From enchanted crystals to an ogre who loves chicken nuggets, they were creative and thoughtful and I was so very proud of them. We got the idea from a novel we were reading at the time where the main character used fairy tales in describing her life. This was not from a computer program they were on several days a week which did not help them in my opinion.
This photo was used in class one day when I asked the students to tell this child's story. Where was she at and why was she lugging the teddy bear. You would not believe how creative the students were and the stories they came up with. No one had ever allowed them to think for themselves and tell the story.
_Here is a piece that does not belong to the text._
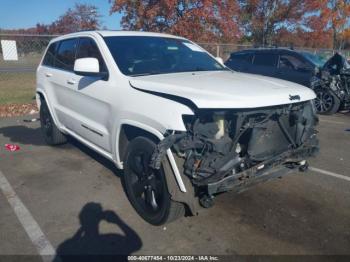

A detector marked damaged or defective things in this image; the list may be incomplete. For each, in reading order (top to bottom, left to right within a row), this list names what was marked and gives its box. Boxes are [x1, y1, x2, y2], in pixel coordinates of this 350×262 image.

damaged white jeep [37, 31, 318, 225]
crumpled hood [129, 70, 318, 108]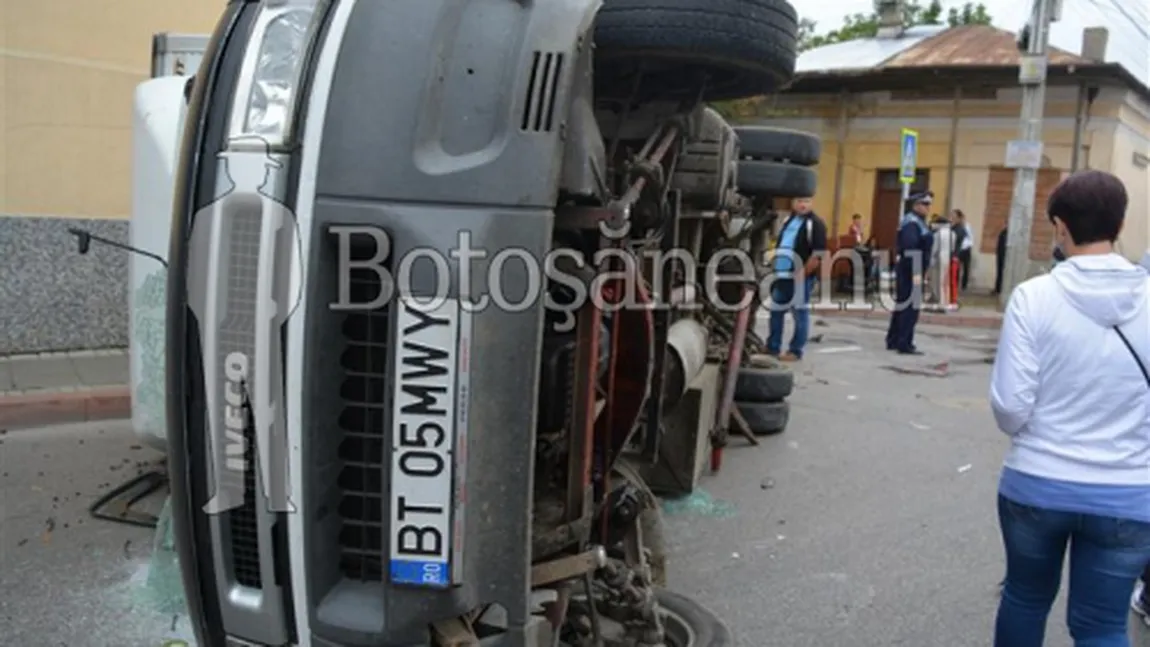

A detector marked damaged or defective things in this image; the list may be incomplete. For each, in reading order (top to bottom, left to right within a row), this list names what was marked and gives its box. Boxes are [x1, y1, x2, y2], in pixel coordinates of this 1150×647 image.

overturned truck [159, 0, 818, 643]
I watched a whole class of budding journalists try and figure out how to put this on a page to use as a background on our school newspaper. The articles were written by a senior and the designer wanted to highlight the page, since it is color but was struggling because no one had ever let them decide what they wanted to do. When I invited the rest of the class over to help her out, explaining it was their newspaper and they each had an opinion for style, they were so surprised and then discussed for the whole class period how to best make these stories pop. The student designer told me at the end of class she would take this class for her whole high school career because she had never been allowed to express herself and not be told what she could and could not do or invite other students to discuss what worked or did not work.
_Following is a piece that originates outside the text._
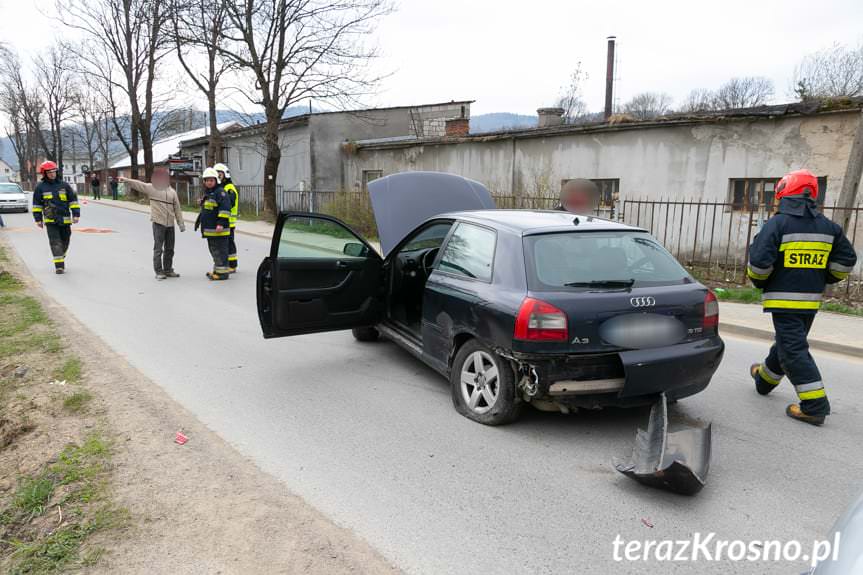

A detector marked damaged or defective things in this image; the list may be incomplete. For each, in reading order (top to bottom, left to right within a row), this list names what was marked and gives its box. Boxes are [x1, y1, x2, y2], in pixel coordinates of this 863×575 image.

detached bumper piece on road [616, 394, 712, 498]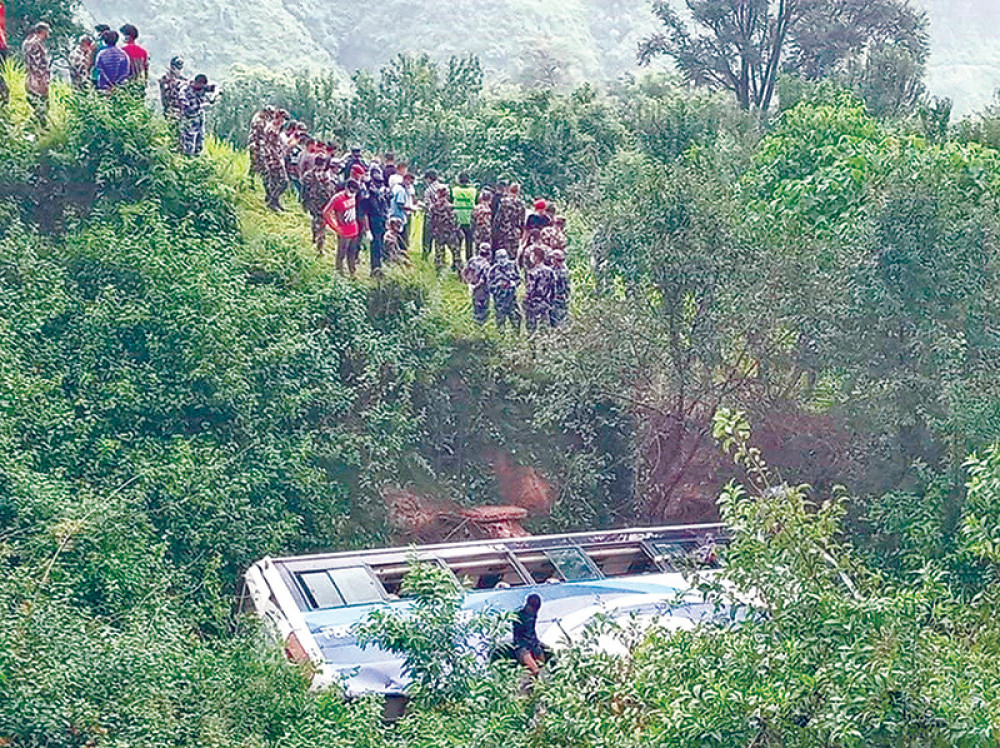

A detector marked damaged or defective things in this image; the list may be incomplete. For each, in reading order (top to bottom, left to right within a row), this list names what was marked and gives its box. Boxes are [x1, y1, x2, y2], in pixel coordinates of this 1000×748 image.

crashed bus [242, 524, 728, 700]
overturned bus [242, 524, 728, 700]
The writing that had the most impact on me and convinced me that telling the story was the most important thing you could do was a poem I was exposed to during my senior year of high school with Mrs. Thelma McCann. She had us chose a poem or reading from a select group of authors and then illustrate the work the best way we knew how. The poem was Merry-Go-Round by Langston Hughes and the class was Black Literature.
Where is the Jim Crow section
On this merry-go-round,
Mister, cause I want to ride?
Down South where I come from
White and colored
Can't sit side by side.
Down South on the train
There's a Jim Crow car.
On the bus we're put in the back—
But there ain't no back
To a merry-go-round!
Where's the horse
For a kid that's black?
If you do a search on this poem, someone will explain the theme and break the whole poem down for you. How the merry go round goes from injustice to justice, perhaps the complexity of racism and the simplicity of equality? To me, it told a sad story that should not happen. Thank goodness I didn't have to explain it the way students must today. I also received an A and have never forgotten the poem.
Reading stories that students can understand and relate to, even stories written decades ago helps create writers. Developing vocabulary which students struggle with develops writers. Allowing students to use their minds to develop their own ideas and creations helps develop writers. Reading out loud develops readers. Computer programs and never ending paragraphs don't.